Tous les jours, Bruno Donnet observe la fabrique médiatique. Depuis le début du tournoi, il suit très attentivement les retransmissions des matches à Roland-Garros. Ce matin, il se pose une grande question : la télévision est-elle encore misogyne ?

Il s'est suis posé cette question-là hier soir. En regardant sur Prime Vidéo la fameuse « Night session ». Pourquoi ? Pour la troisième fois consécutive, il y a vu une victoire du joueur allemand Alexander Zverev :

Jusqu’ici, en effet, tous les matches de ce joueur ont été diffusé sur la plateforme payante d’Amazon. Et donc, si vous ne disposez pas de cet abonnement, si vous ne suivez le tennis que sur France Télévisions, et bien vous n’avez tout simplement pas pu voir le moindre match de ce joueur. Mais au fait, combien de match féminin Prime Vidéo a retransmis jusqu’ici ?

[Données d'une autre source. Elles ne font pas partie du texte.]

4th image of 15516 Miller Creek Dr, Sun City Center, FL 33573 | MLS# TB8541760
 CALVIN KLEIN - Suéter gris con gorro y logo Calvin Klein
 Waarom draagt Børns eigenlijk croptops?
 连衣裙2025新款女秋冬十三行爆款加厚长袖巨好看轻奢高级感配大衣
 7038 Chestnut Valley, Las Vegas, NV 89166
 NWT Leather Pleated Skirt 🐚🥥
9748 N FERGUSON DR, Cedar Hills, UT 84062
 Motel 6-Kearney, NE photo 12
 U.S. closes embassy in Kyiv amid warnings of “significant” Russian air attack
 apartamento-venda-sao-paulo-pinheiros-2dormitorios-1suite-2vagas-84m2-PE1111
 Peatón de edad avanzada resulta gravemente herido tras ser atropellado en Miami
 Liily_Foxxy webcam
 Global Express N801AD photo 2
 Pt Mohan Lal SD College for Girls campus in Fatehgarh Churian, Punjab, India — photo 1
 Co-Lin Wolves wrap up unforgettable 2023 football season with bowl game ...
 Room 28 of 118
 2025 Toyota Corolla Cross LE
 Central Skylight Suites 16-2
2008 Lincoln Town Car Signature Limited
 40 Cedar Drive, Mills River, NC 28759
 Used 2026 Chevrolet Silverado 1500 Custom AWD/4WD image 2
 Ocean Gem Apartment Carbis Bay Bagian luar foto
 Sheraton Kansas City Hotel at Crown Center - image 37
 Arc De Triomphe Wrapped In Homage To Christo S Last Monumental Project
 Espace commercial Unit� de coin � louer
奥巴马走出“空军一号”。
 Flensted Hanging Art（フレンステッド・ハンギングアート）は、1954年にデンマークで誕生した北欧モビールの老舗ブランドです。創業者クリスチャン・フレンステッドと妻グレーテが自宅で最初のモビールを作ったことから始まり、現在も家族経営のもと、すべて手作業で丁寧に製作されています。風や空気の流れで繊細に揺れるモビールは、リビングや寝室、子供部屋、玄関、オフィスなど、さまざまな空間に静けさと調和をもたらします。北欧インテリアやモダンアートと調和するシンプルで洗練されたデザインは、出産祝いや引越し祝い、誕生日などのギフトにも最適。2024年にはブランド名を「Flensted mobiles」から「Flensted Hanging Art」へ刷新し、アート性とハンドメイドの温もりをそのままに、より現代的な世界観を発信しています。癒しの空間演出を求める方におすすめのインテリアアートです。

Et la réponse est simple : un seul !

C’est cocasse, mais Prime Vidéo n’a diffusé qu’un seul match féminin en huit jours de compétition, alors qu’elle promeut ses fameuses « Night sessions », en utilisant l’image et la notoriété d’une joueuse, la française Caroline Garcia.

L’année dernière et l’année d’avant, les choses s’étaient déroulées exactement de la même manière. Car en 2022 et en 2021, déjà, Prime Vidéo n’a diffusé qu’une seule rencontre opposant des femmes !

Qu’est-ce qui explique une telle disparité et qui décide de la programmation des matchs sur Prime Vidéo ?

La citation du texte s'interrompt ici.